RefWorks Manage Projects screen 4 5 6
Manage Projects. One account provided access without collapsing project boundaries.

Operational confidence scaled because evidence stayed inspectable

The important behavior change was not adoption alone. Users proceeded when the system gave them enough evidence to account for their data and enough control to decide when an outcome was safe to approve.

New RefWorks did not replace external documentation and reconciliation practices. It gave librarians and administrators clearer product evidence to compare against the records they already maintained.

The organization could responsibly retire long-standing legacy infrastructure only after expert users had enough evidence to rely on the replacement system operationally.

Verification outcomes
  1. 01

    Operational reconciliation became independently verifiable

    Administrators could compare exportable migration records against migrated system states before approving outcomes.

  2. 02

    Duplicate review decisions became reproducible

    Users could inspect matching logic, metadata differences, primary-reference choices, and count impacts instead of relying on opaque cleanup behavior.

  3. 03

    Project evidence remained isolated and accountable

    Teams could manage multiple systematic reviews from one account without contaminating evidence between projects.

Outcome signal

Verification made approval conditional on evidence, not reassurance

Users tolerated added complexity when it made outcomes auditable. Confidence grew because the product exposed the counts, checkpoints, and reconciliation paths needed to decide whether to proceed.

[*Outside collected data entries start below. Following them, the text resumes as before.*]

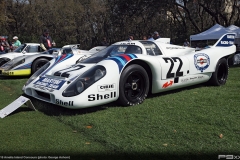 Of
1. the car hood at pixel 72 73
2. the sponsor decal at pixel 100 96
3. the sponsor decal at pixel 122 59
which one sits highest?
the sponsor decal at pixel 122 59

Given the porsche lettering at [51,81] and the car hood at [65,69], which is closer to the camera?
the porsche lettering at [51,81]

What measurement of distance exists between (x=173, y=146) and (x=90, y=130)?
106 cm

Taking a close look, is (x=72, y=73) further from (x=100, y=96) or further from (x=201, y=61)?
(x=201, y=61)

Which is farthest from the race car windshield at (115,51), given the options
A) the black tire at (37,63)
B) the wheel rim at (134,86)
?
the black tire at (37,63)

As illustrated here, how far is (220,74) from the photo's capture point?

Legacy RefWorks retirement cake with the RefWorks interface printed on it.
Legacy RefWorks carried years of operational trust. Long-time users retired it only after the replacement had earned confidence.

When users are accountable, preserve the audit trail

I initially treated migration confidence as an adoption problem. Research revealed that users were evaluating something deeper: whether they could independently verify outcomes they would later be held accountable for.

That shifted my decision model for expert systems. The question was no longer “How much complexity can we remove?” It became “Which complexity must remain visible so users can evaluate risk?”